** Opening DATASET ENTRIES block **

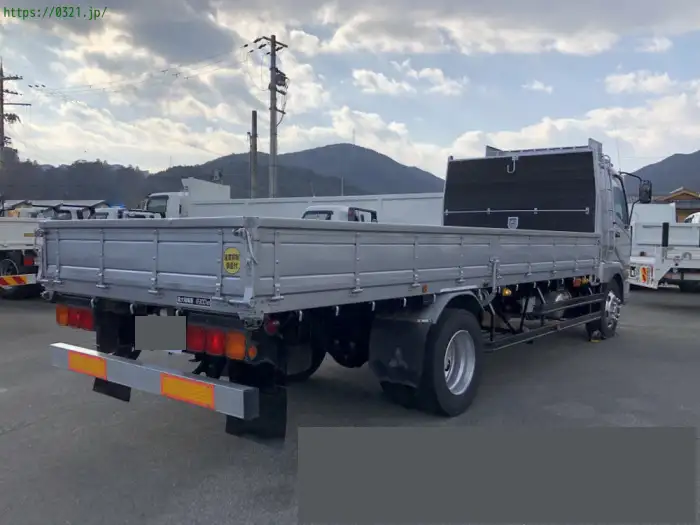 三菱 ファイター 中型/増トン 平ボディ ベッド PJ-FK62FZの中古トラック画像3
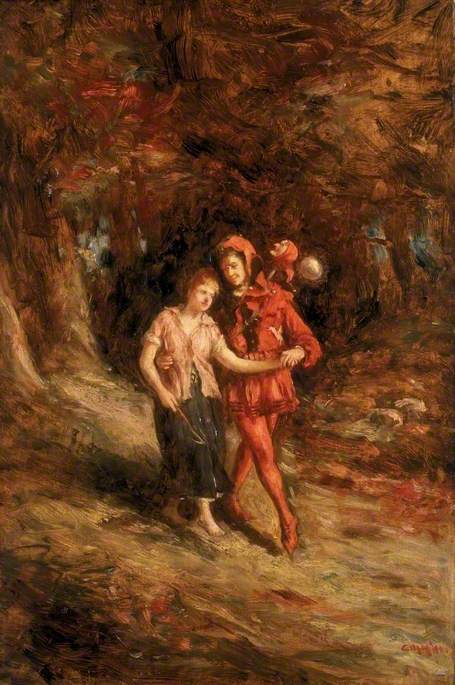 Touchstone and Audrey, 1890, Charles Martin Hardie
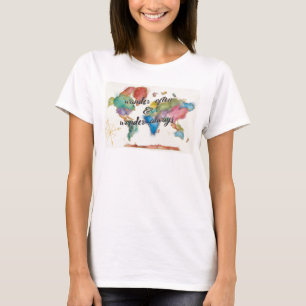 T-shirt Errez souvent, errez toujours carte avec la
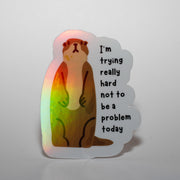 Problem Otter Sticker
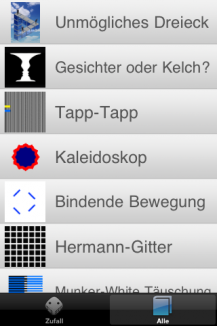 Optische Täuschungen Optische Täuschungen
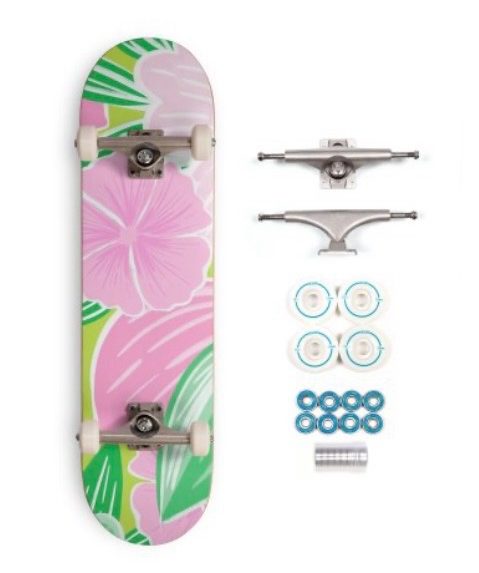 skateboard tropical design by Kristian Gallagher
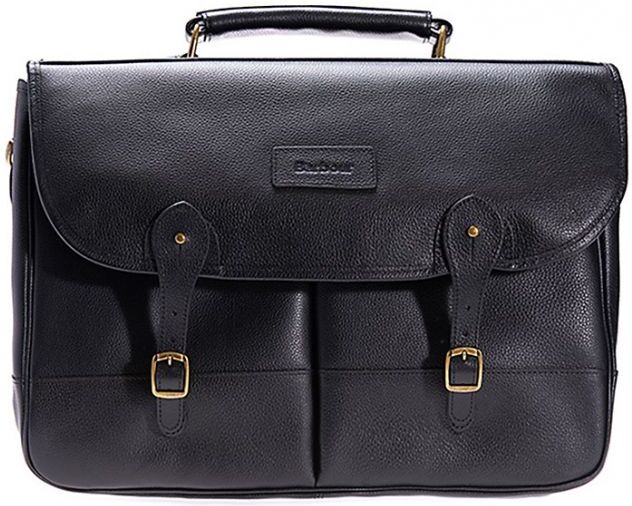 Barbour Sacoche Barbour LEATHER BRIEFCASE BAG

** Closing DATASET ENTRIES block **
** Opening DATASET ENTRIES block **

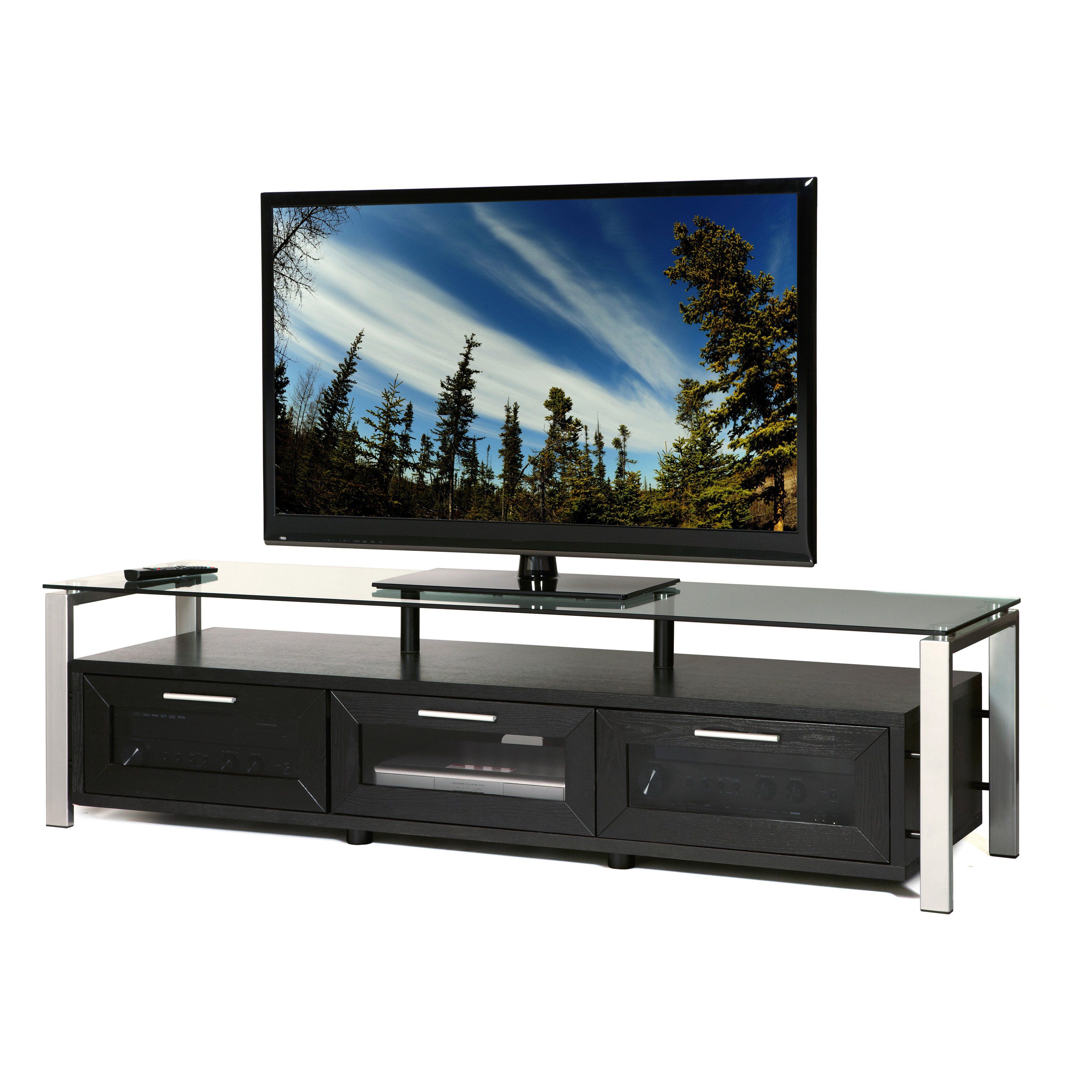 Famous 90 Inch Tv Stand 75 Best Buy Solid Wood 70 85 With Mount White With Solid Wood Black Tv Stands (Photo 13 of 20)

** Closing DATASET ENTRIES block **

To complete this exercise, transcribe exactly the lines above from the one that holds "T-shirt Errez souvent, errez" through the one that holds "Barbour Sacoche Barbour". Pictures stay out.

**REPLY TO THE EXERCISE**:
 T-shirt Errez souvent, errez toujours carte avec la
 Problem Otter Sticker
 Optische Täuschungen Optische Täuschungen
 skateboard tropical design by Kristian Gallagher
 Barbour Sacoche Barbour LEATHER BRIEFCASE BAG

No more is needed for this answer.